Figurine nere che appaiono chiaramente per ciò che sono, ma che si lasciano inglobare da una coltre di colore uniforme che impedisce loro di manifestarsi nella più piena essenza. Metafora giusta per definire bene che il mondo provocante e corrosivo di lavori come questo, sotto la sua superficie fatta di personaggi grotteschi e a tratti perturbanti, contiene anche un nocciolo che racchiude pura forma e niente più. Una forma che comunque sia alle volte comunica, in maniera equivoca, connessioni che lasciano al lettore una interpretazione (nemmeno poi così libera) su ciò che sta osservando: nella seconda delle due tavole citate, l’ottava vignetta contiene infatti la silhouette di Denton che si trasfigura in quella che potrebbe apparire come appartenente a un neonato. Il senso è praticamente chiaro, ma chi legge deve legarlo – e farlo sfumare secondo quella che è la sua sensibilità – a ciò che gli è stato appena raccontato.

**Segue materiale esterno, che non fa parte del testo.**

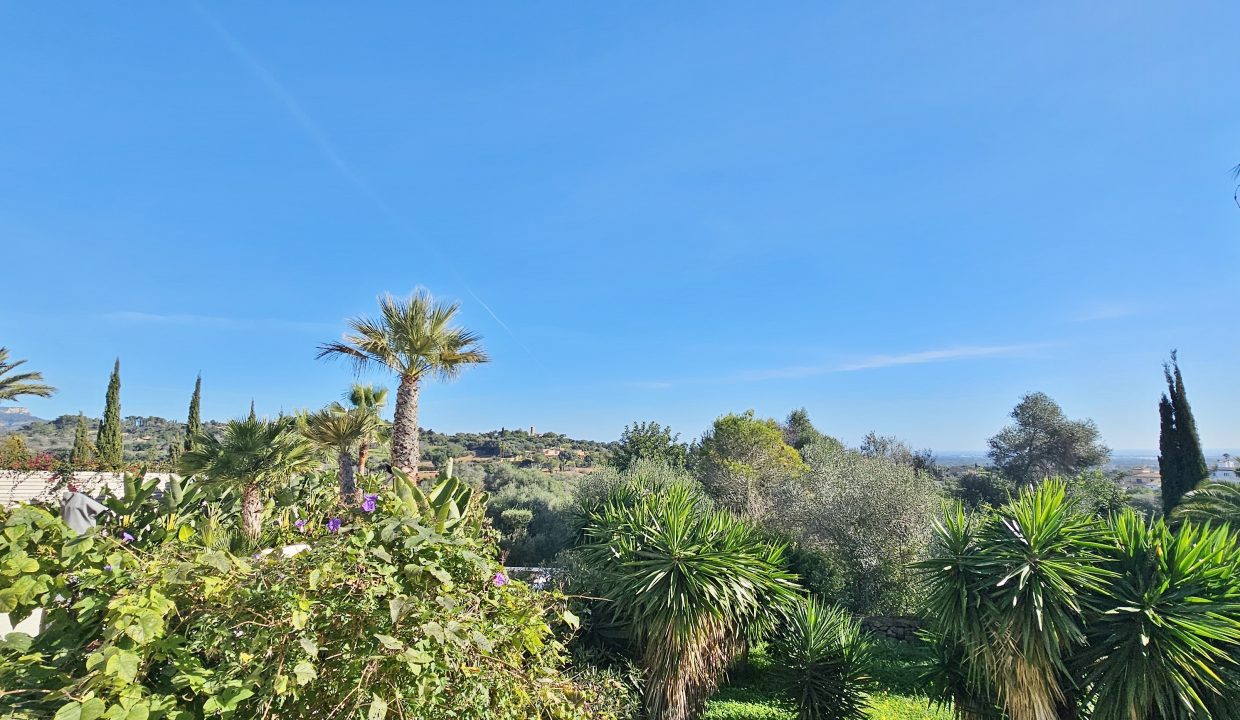 Mallorca villa for sale (51)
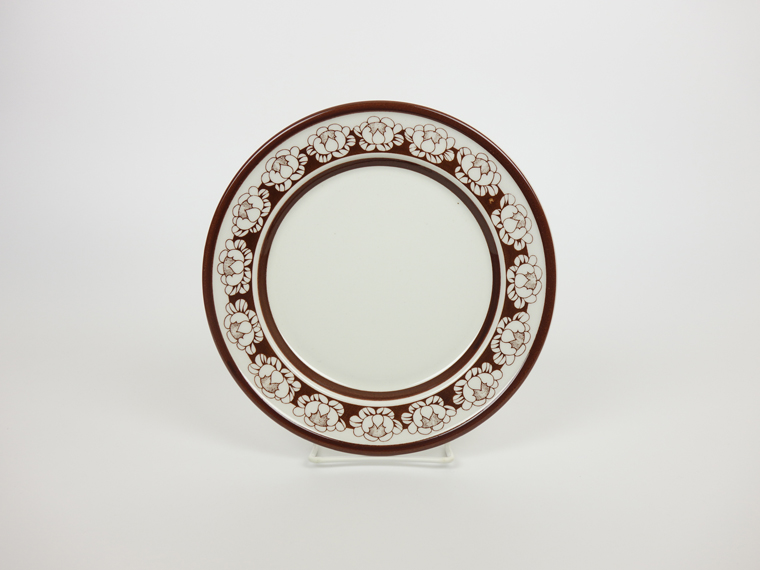 toto様　まとめ　ロスマリン16cm、カトリッリ17cm toto様 まとめ ロスマリン16cm、カトリッリ17cm ARABIA/アラビア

È chiaro quindi che Crash Site ha nel suo procedere attraverso un profilo narrativo sì ordinato, ma certamente provocante e follemente citazionista (è evidente che Denton stia a Spank come Rosie sta ad Aiko, e cioè ai personaggi principali del famoso manga Hello! Spank), intenti che dimostrano di voler condurre il viaggio maledetto dei nostri due protagonisti verso due direzioni alterne: da una parte quella ricerca di un calibrato non senso di cui parlavamo prima (e ce n’è veramente poco nella storia di una giovane donna che usa il suo cane parlante per fare del narcotraffico internazionale), dall’altra l’incredibile messa a punto di momenti che utilizzino l’apice dell’assurdo e della black comedy per produrre impossibili situazioni melodrammatiche che hanno tuttavia una sorprendente forza commovente.
Cowdry è un maestro e basta veramente poco per notarlo: per tutti i motivi sopra elencati, per la capacità di impostare perfettamente la scelta delle inquadrature, per la sapienza con cui dosa e sceglie i dettagli all’interno di ogni vignetta. E il suo “luogo del disastro” ci attrae, ci seduce, ci sconvolge e ci fa sogghignare. Insomma, la demenza è al potere e ride di gusto. In questo modo la viviamo e l’abbiamo vissuta spesso, è vero, ma metterla in scena così sapientemente – bisogna dirlo – non è mai cosa semplice né scontata.